Kronenwetter sees 12% growth in population according to census
KRONENWETTER, Wis. (WSAW) - The latest U.S. Census data shows more than 8,000 people now live in Kronenwetter. That’s a 12% increase from 2010. And what is most impressive is most central Wisconsin communities had minimal increases or even population declines.
The Village Community Development Director Randy Fifrick says the growth started slowly after the housing crisis in 2008 and has picked up recently.
“The last few years we’ve been doing 60 single-family building permits per year, hundreds of multi-family permits. You could see how that can grow your population really quickly,” Fifrick said.
Fifrick says there are many appealing parts about the Kronenwetter, but the location is one thing that attracts people to settle down.

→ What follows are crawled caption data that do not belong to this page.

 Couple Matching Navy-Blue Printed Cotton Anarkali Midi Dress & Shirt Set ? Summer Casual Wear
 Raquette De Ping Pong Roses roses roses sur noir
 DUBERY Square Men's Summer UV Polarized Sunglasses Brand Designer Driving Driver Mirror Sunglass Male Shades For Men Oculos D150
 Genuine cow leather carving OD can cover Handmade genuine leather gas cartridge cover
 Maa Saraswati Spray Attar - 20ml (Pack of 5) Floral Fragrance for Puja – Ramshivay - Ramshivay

“We’re just south of the Wausau metro area, we’re close to Stevens Point. I think our location has a lot to do with it,” Fifrick said.
The growth in population directly impacts the Village Police Department. Kronenwetter usually has one full-time police officer for every 1,000 people. So far, that equation has paid off.

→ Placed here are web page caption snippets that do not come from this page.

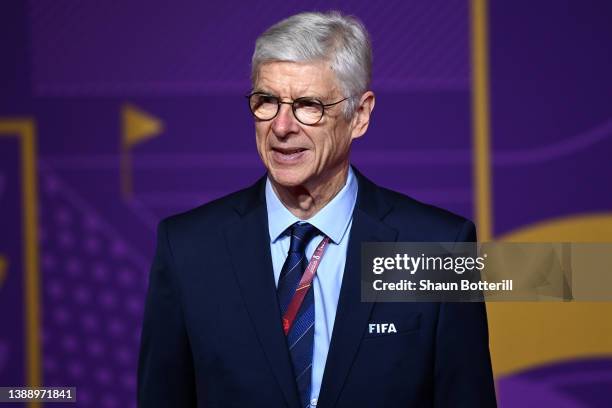 Arsene Wenger, FIFA Chief of Global Football Development arrives prior to the FIFA World Cup Qatar 2022 Final Draw at the Doha Exhibition Center on...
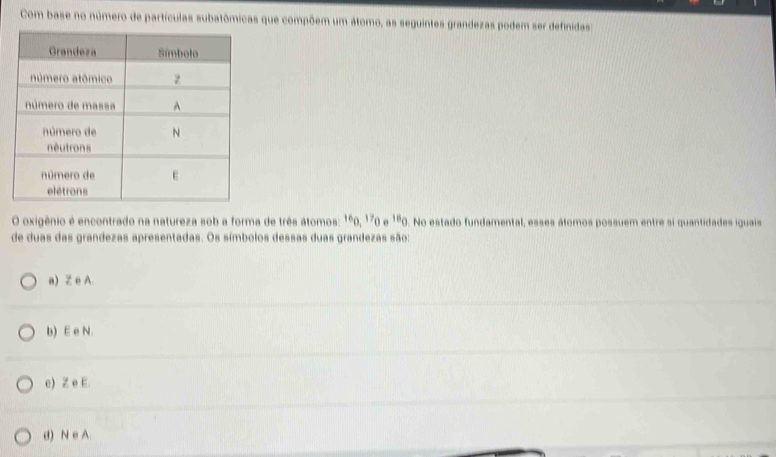 Com base no número de partículas subatômicas que compõem um átomo, as seguintes grandezas podem ser definidas
O oxigênio é encontrado na natureza sob a forma de três átomos: 1º0, 170 e 1º0. No estado fundamental, esses átomos possuem entre si quantidades iguais
de duas das grandezas apresentadas. Os símbolos dessas duas grandezas são:
a) Z e A.
b) E e N.
e) Z e E.
d) N e A.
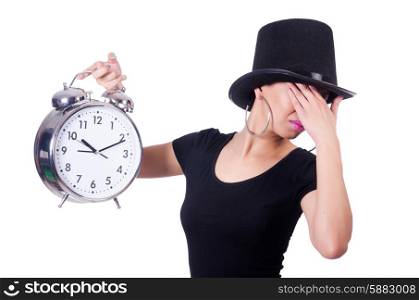 Young woman with clock isolated on white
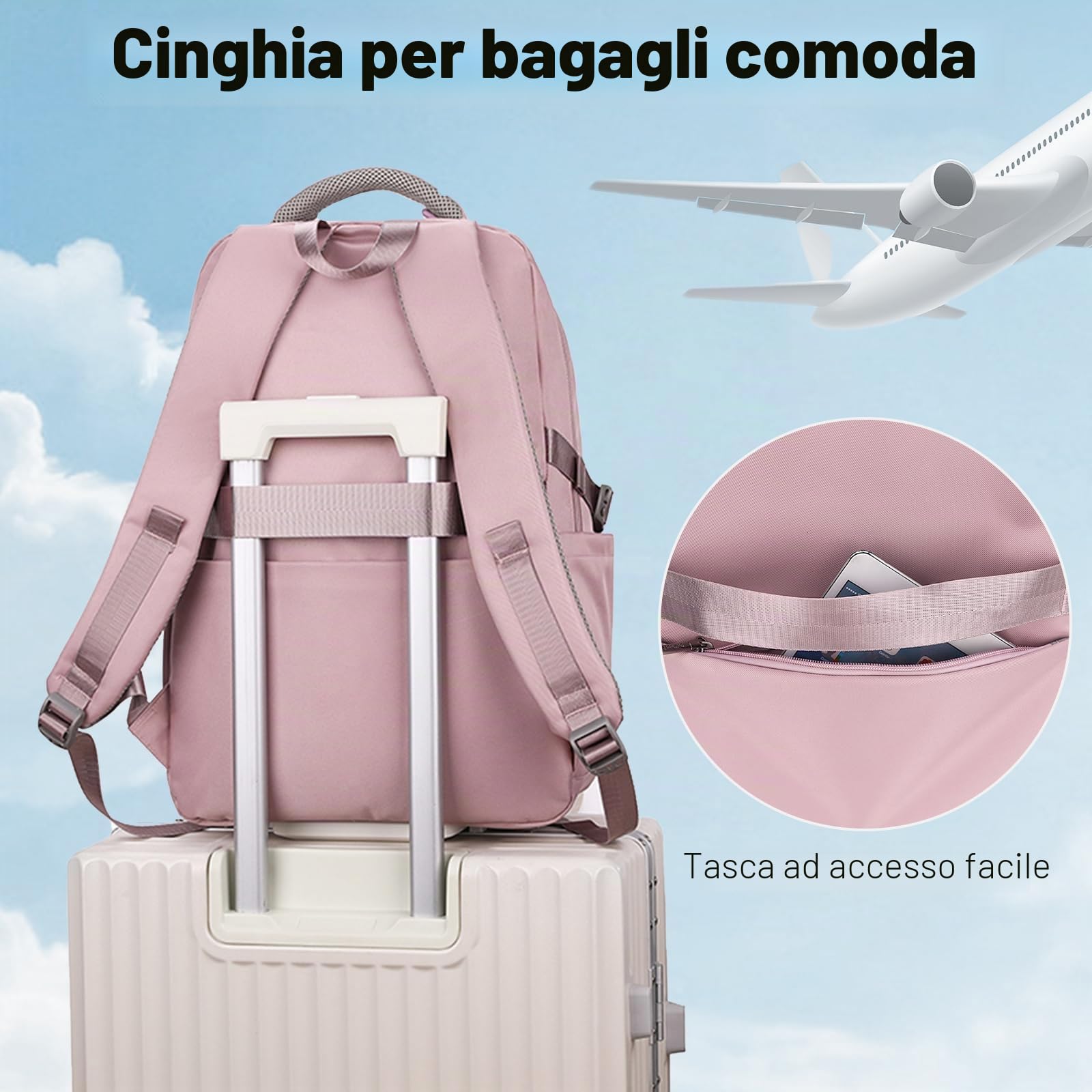 Zaino Porta PC 15.6 Multifunzione per Donna, Computer Portatile Comodo e Traspirante per Campeggio e Escursionismo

“Consistently we’re being ranked as a safe community. We want people when they come here to feel safe here,” Fifrick said.
Schools are another aspect of a community impacted by a growing population. Evergreen Elementary School has been keeping its eyes on the population for some time. In fact, they recently built two buildings after a referendum, and those buildings will be put to use right away.

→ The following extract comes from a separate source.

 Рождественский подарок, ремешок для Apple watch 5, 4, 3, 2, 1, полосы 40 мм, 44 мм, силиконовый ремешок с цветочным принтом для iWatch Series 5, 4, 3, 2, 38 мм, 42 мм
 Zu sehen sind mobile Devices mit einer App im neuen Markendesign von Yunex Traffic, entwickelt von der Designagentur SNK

“We’re happy about that because we recognize with the increased population in Kronenwetter and Rothschild we’ll need those additional classrooms to service those students,” Evergreen Elementary Principal Rick Koepke said.
Right now the growth of the village population is not enough to bring any changes. But preparations are already being taken into account.
“We incorporate all that information into our comprehensive plan, our strategic plan, and our outdoor recreation plans. It’s planning to make sure that we are staying ahead and we’re an area people want to live in,” Firfrick said.